WHAT THE TASK ASKS → Please repeat only the stretch of records running from the first line through the line that contains "Mars stands still (3) - Sol 496".
--- MATERIAL SUPPLIED Enclosed Below ---
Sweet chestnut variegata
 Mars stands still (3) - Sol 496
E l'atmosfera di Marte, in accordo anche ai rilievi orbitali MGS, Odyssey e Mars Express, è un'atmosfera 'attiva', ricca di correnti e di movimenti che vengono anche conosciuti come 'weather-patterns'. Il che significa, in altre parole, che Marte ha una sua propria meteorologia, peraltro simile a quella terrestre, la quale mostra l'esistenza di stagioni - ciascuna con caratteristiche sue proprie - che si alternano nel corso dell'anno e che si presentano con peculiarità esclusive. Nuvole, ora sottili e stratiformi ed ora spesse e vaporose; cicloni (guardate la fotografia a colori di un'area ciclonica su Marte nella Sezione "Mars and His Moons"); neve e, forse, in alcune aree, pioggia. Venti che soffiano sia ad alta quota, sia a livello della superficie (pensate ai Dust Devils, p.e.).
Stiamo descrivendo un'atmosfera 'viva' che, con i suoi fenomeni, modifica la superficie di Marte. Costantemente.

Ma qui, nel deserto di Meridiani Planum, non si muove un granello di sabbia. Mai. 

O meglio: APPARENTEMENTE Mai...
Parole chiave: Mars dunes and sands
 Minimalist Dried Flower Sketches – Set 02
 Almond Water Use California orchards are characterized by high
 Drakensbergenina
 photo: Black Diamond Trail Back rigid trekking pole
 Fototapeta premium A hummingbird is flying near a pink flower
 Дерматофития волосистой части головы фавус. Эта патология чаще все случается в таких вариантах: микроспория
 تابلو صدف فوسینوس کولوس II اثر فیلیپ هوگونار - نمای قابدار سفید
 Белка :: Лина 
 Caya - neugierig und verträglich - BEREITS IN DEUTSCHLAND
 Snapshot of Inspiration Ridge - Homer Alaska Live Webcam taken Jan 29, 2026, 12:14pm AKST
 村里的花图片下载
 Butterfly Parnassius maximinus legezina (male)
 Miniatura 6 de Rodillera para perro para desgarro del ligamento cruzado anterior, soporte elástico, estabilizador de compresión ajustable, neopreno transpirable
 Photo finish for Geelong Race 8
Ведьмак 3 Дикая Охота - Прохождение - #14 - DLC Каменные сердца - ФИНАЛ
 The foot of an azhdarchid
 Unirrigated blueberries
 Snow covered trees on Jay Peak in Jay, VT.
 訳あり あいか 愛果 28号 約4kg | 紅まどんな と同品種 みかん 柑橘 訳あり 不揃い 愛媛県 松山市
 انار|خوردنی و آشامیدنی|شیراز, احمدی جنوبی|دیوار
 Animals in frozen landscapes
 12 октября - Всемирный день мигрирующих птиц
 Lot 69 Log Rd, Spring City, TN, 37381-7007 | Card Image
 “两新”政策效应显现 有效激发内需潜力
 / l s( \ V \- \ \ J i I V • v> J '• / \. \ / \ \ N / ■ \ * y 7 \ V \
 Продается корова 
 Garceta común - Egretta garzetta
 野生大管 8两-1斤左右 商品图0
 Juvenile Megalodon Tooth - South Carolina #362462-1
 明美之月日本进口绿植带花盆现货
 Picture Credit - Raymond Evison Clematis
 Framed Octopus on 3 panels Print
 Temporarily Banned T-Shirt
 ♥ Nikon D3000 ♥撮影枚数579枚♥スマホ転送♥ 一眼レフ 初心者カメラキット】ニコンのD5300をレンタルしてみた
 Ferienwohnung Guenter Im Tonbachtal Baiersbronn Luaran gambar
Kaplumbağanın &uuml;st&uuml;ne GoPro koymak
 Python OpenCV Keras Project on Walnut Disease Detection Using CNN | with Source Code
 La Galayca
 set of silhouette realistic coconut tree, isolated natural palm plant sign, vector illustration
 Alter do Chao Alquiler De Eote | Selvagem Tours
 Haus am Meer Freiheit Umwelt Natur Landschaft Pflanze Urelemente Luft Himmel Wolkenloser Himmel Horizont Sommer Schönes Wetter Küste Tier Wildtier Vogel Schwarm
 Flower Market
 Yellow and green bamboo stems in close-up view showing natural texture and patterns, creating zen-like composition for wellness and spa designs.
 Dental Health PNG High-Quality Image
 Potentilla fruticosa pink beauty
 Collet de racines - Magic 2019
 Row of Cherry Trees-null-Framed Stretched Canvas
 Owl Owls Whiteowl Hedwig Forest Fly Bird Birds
--- End of Enclosed MATERIAL SUPPLIED ---
ANSWER BELOW →
Sweet chestnut variegata
 Mars stands still (3) - Sol 496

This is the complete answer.